OK. The last question was just to fit the schema, but ‘Why BOF?’ is legit. Why do I care about BOFs. What advantage do they have over shellcode or some other post-ex bomb?

‘To BOF or not to BOF’, that is the question. Why should you use a BOF when there are plenty of other methods and tools? Well, BOFs have several advantages:

  • BOFs allow you to rapidly extend an agent with new post-exploitation features.
  • BOFs have fewer Indicators-of-Compromise (IoCs) than loading DLLs or invoking .NET assemblies or executing binaries or running scripts.
  • BOFs are a lot smaller than a fully compiled and linked PE file.
  • BOFs are easy to develop and rapidly prototype.

BOFs are great, but they do have some disadvantages:

  • BOFs run in the same memory space as your agent, so if it crashes, then your agent crashes.
  • BOFs are limited in their external dependencies, and calling external APIs can be a bit convoluted.
  • BOFs are intended to run for short periods of time.
  • BOFs probably won’t allow the use of global variables.
  • Some linker features such as _CHKSTK_MS are not available.

Ultimately, I think that the pros outweigh the cons. BOFs provide a lot of functionality in a small package. They can be leveraged to provide quick capabilities while at the same time limiting the exposure of your agent through additional IoCs. The drawbacks are minimal, especially if you are using BOFs for their intended purpose: one-off commands that will return results quickly. You just need to know the limitations and advantages.

How BOF?

Now that I know the five W’s of BOFs, how do I actually BOF?

If you are already using Cobalt Strike or Metasploit or any of the other frameworks that support BOFs, then getting started operationally is quite simple: 1) Run BOF. 2) Profit. As previously mentioned, BOFs have become quite popular and there are numerous repositories of previously developed BOFs. The BOF technique makes it quite easy to plug-n-play any capability into your current framework/payload. The tricky part is understanding how to load and task each individual BOF, so please read your manuals!
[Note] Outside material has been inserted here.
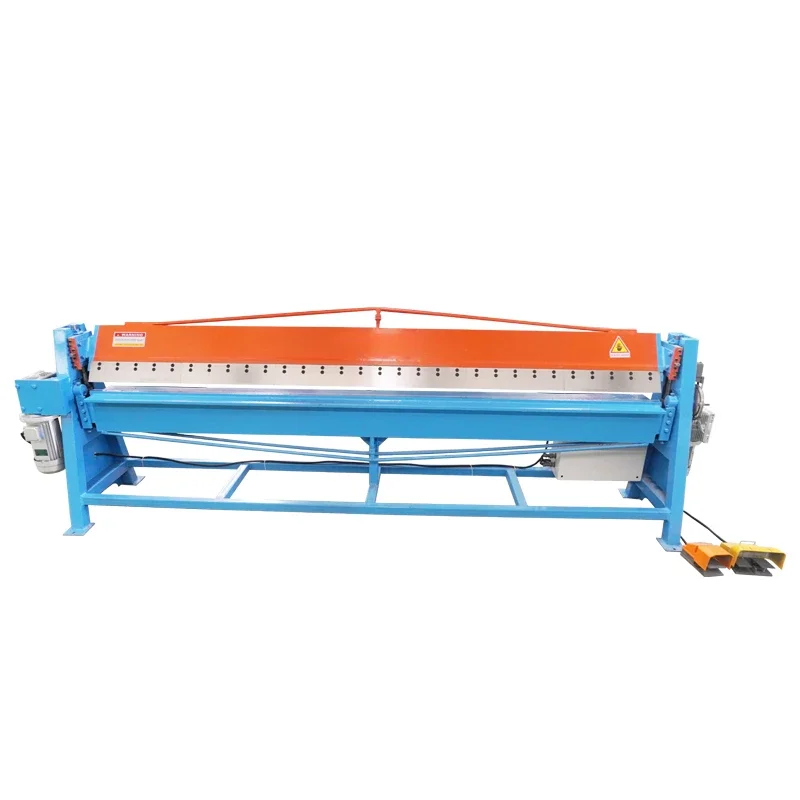 Heiße Verkäufe China Factory Stahltürblech-Faltmaschine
If you want to move to the next level and create your own BOFs (and I highly recommend that you try), then you can start with Christopher Paschen’s blog, “A Developer’s Introduction to Beacon Object Files”. For more information on the internal APIs supported by Cobalt Strike, please refer to their documentation. Not all BOF loaders support the same internal APIs, so that is something that you need to be aware of. So, get reading, get coding, and good luck.


BOFs are definitely not the newest Crypto king or passing fad, and they are not as scary or confusing as they sound. BOFs are pretty slick and have drastically increased my arsenal. Thank you, TrustedSec.

BOFs are extremely useful tools in the battle of post-exploitation. We have covered the basic questions of BOFs including What, Why, Who, When, Where, and How. In the end, BOFs are just COFFs in disguise. They were originally envisioned by Cobalt Strike for their Beacon agent, but they have since been adapted and included in many agent frameworks. They are useful during the post-exploitation phase. The binary objects are loaded by the agent’s loader and located within the agent’s memory space. BOFs provide numerous advantages over typical post-exploitation tools including increased OPSEC and a smaller footprint. And now that you know all about BOFs, you can start using and developing to your heart’s content. Just make sure to always check your return values.